Retype exactly what appears below from the line containing "Minimalist Sonder Quote" down to the line containing "Perfect Ed Sheeran", keeping both end lines. Do not include pictures.

### Provided entries:
⁂

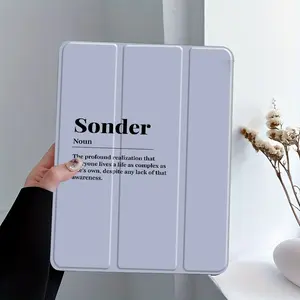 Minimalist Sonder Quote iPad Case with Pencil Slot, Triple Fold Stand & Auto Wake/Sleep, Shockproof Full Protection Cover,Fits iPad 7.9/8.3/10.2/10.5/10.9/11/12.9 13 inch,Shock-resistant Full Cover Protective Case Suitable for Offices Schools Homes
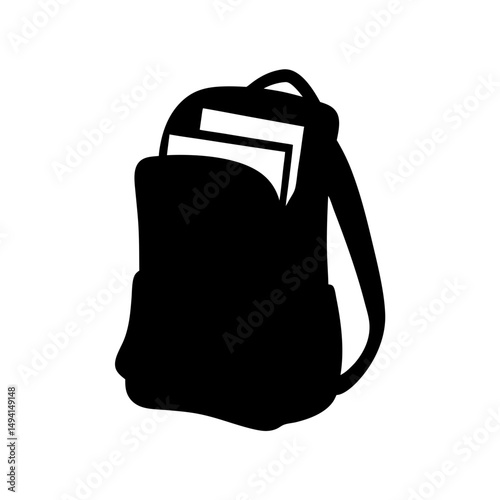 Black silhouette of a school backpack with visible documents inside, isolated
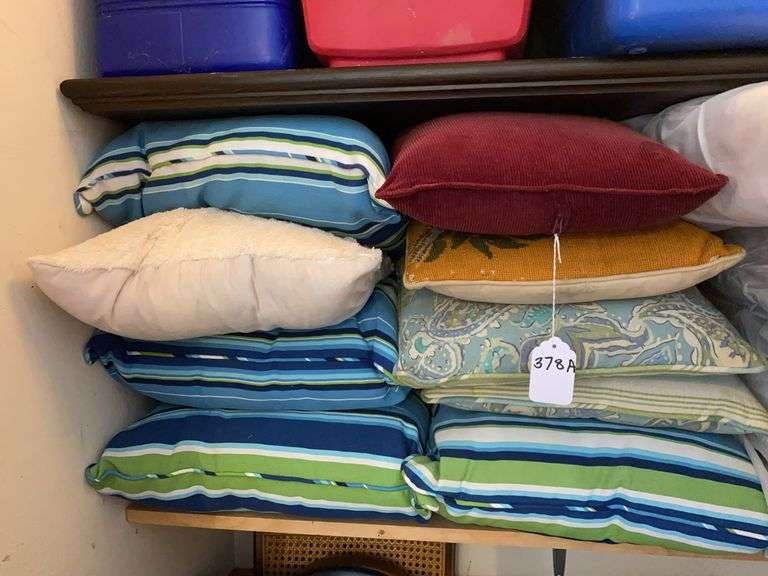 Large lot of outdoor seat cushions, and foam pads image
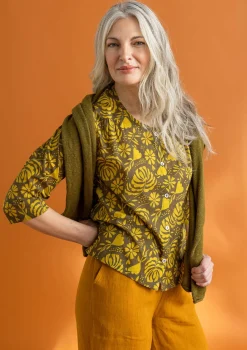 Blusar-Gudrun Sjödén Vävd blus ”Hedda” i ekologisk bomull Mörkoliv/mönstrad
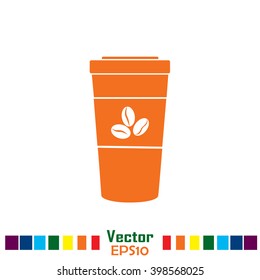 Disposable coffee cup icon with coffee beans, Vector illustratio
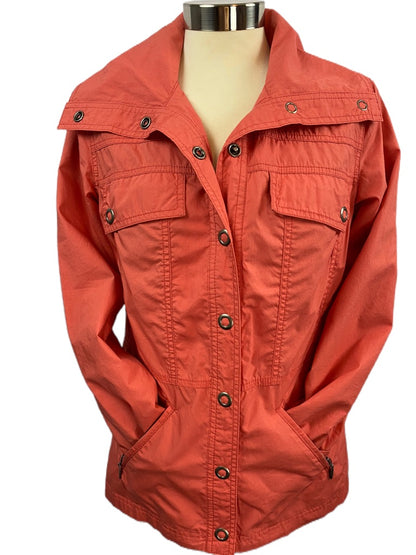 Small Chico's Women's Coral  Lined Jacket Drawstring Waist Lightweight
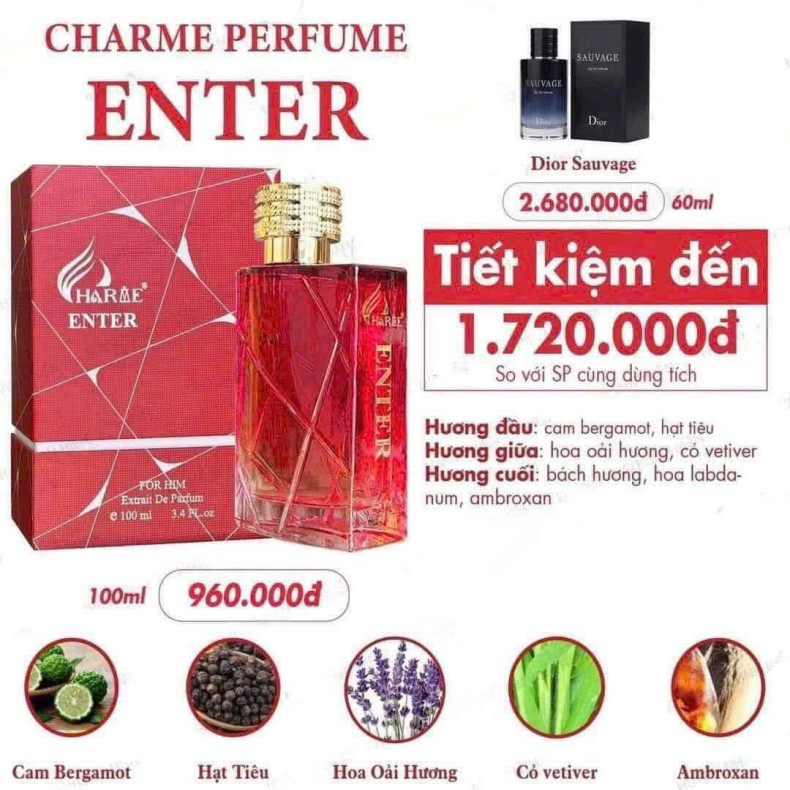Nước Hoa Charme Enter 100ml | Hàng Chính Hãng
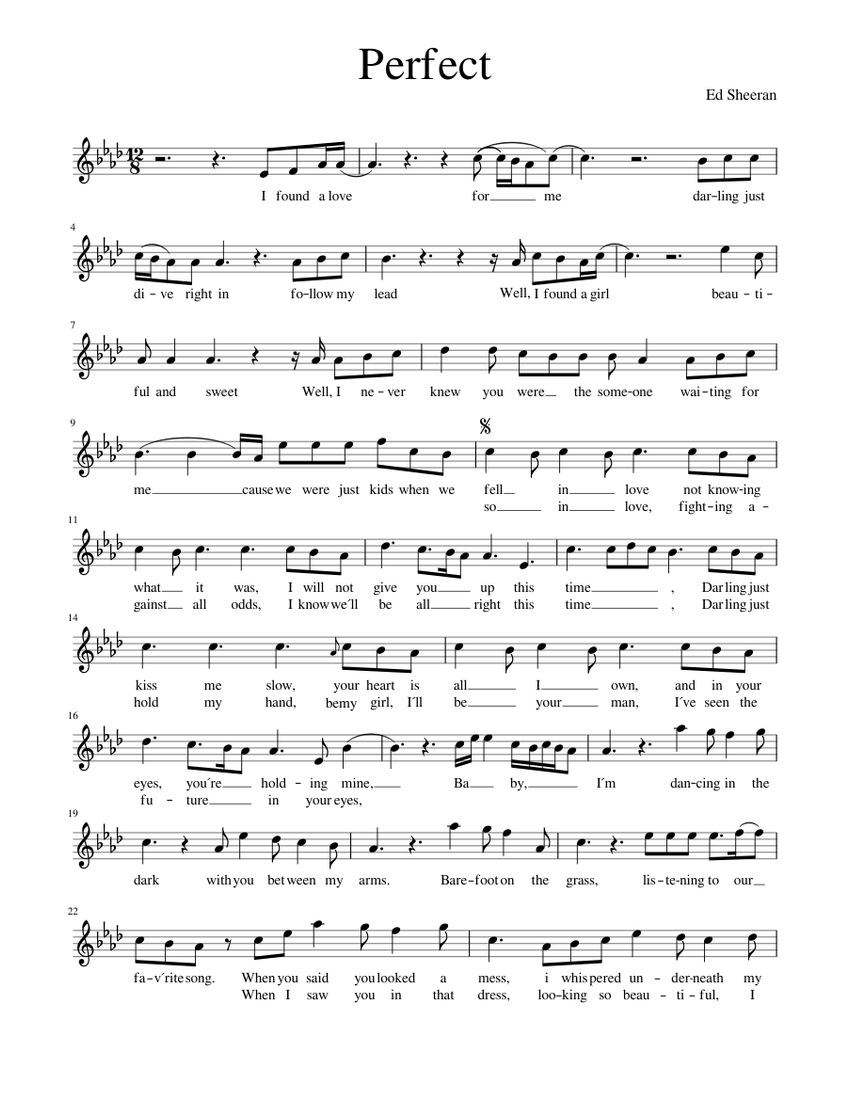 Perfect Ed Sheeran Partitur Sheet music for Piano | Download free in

⁂

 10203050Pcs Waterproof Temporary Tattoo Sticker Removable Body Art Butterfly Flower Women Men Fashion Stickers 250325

⁂

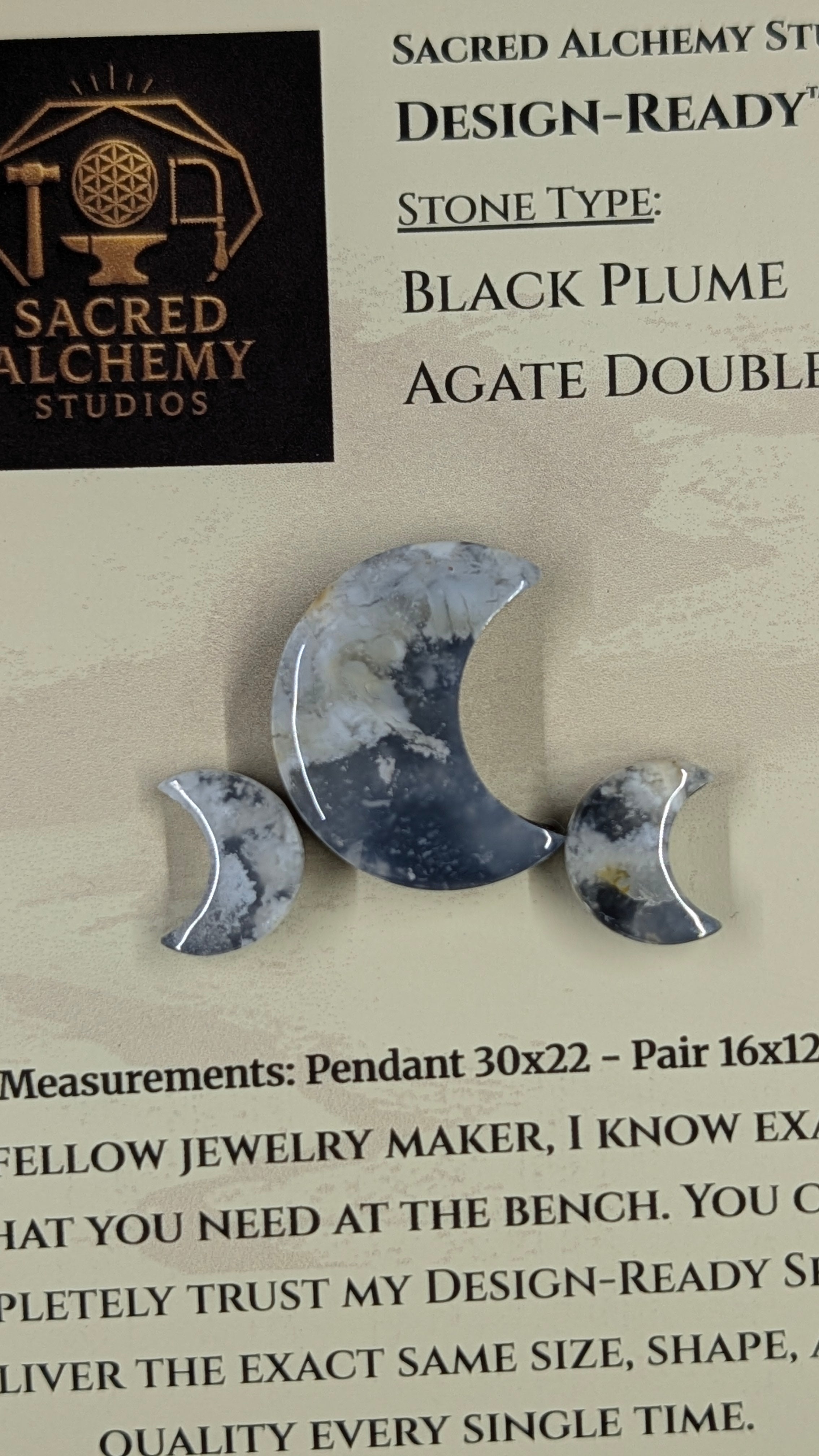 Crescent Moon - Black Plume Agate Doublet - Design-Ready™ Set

⁂

### Answer to this exercise:
 Minimalist Sonder Quote iPad Case with Pencil Slot, Triple Fold Stand & Auto Wake/Sleep, Shockproof Full Protection Cover,Fits iPad 7.9/8.3/10.2/10.5/10.9/11/12.9 13 inch,Shock-resistant Full Cover Protective Case Suitable for Offices Schools Homes
 Black silhouette of a school backpack with visible documents inside, isolated
 Large lot of outdoor seat cushions, and foam pads image
 Blusar-Gudrun Sjödén Vävd blus ”Hedda” i ekologisk bomull Mörkoliv/mönstrad
 Disposable coffee cup icon with coffee beans, Vector illustratio
 Small Chico's Women's Coral  Lined Jacket Drawstring Waist Lightweight
Nước Hoa Charme Enter 100ml | Hàng Chính Hãng
 Perfect Ed Sheeran Partitur Sheet music for Piano | Download free in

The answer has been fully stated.